_Your instructions_. Reproduce the data below word for word, setting aside any picture it holds.

_Dataset content_.
========
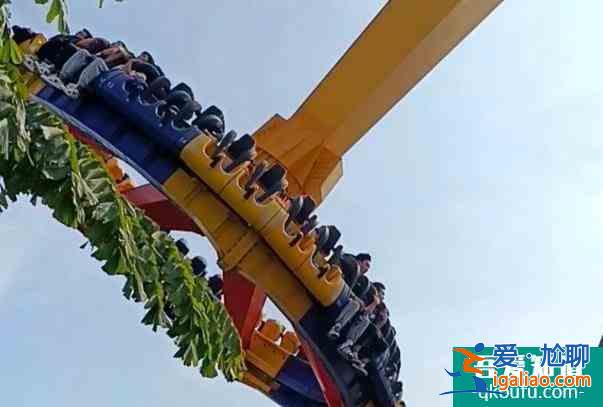 2022年重庆欢乐谷春节期间亲子游玩攻略? 2022年重庆欢乐谷春节期间亲子游玩攻略?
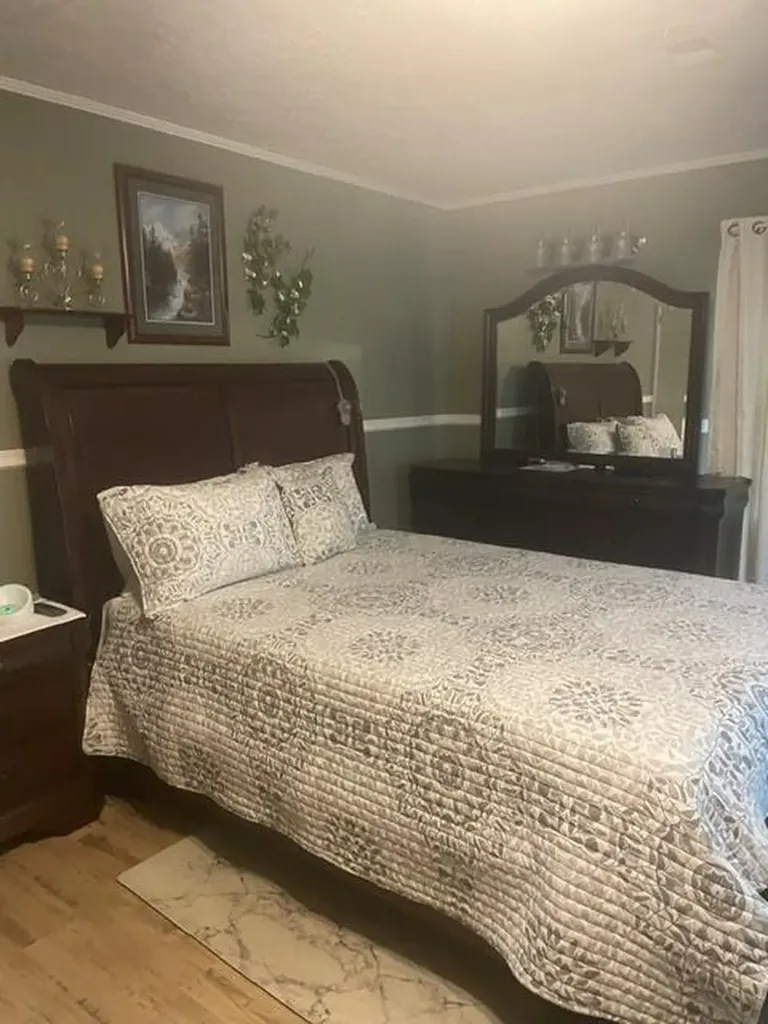 177 Horseshoe Drive Cookeville TN 38506
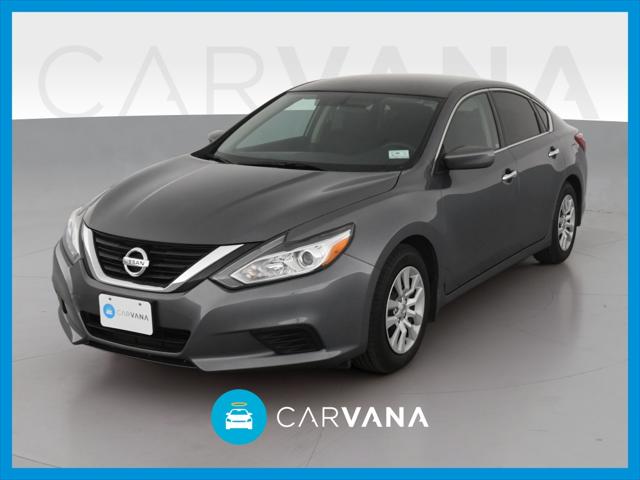 2018 Nissan Altima 2.5 S for sale near ,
========
_Task output_.
 2022年重庆欢乐谷春节期间亲子游玩攻略? 2022年重庆欢乐谷春节期间亲子游玩攻略?
 177 Horseshoe Drive Cookeville TN 38506
 2018 Nissan Altima 2.5 S for sale near ,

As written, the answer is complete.